肥満は身体における脂肪の蓄積量が増加した状態をいいます。肥満には原因疾患が見当たらない単純性肥満と他の基礎疾患や特殊な疾患の一症状として発現する二次性肥満とがあります。肥満のほとんどは単純性肥満であり二次性肥満は多くありません。

最近、同じ肥満でも内臓脂肪型肥満が注目されています。メタボリックシンドローム(MS)という古くて新しい考え方です。MSは内蔵型肥満が原因で肥満、高血圧、高脂血症、糖尿病が複数重なり、最後は動脈硬化を引き起こす症候群ですが、心臓病や脳卒中による突然死の危険も高まります。ウエスト周囲径で男性八十五センチ以上、女性九十センチ以上。中性脂肪、血圧、善玉コレステロール、空腹時血糖の五項目で、三項目以上で異常値があった場合にMSと診断され、早期の治療が必要です。各個人の状態により異なることがありますので、かかりつけの医師とよく相談するようにしましょう。

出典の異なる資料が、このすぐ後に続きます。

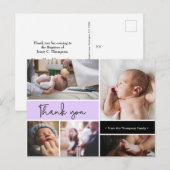 Lila Custom Baby Taufe Danke Foto Collage Postkarte (Vorne/Hinten)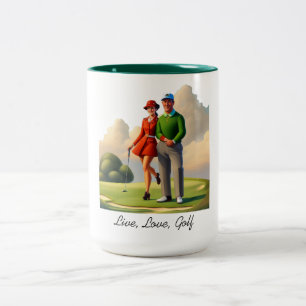 Leef, Liefde, Golf Tweekleurige Koffiemok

肥満は摂取カロリーと消費カロリーのバランスによって決まります。肥満を防止、解消するには、食事を減らして摂取カロリーを少なくするか、運動を行って消費カロリーを多くするかのいずれか、あるいは両方を行うしか方法はありません。ところが、食事を制限することは栄養の面からも問題がありますので、ある程度十分に食べ、その代わり運動によって余分なカロリーを燃焼させるやり方が健康維持のためには良いと言えます。運動には軽運動を長時間にわたって行う有酸素運動と強い運動を短時間だけ行う無酸素運動の二種類があり、脂肪を燃焼させるためにはウオーキング、水泳のような有酸素運動が効果的。ダイエット食など楽して健康的および恒常的に肥満を防止する方法はないのです。各個人にあった食事療法や運動処方を主治医に相談してみてください。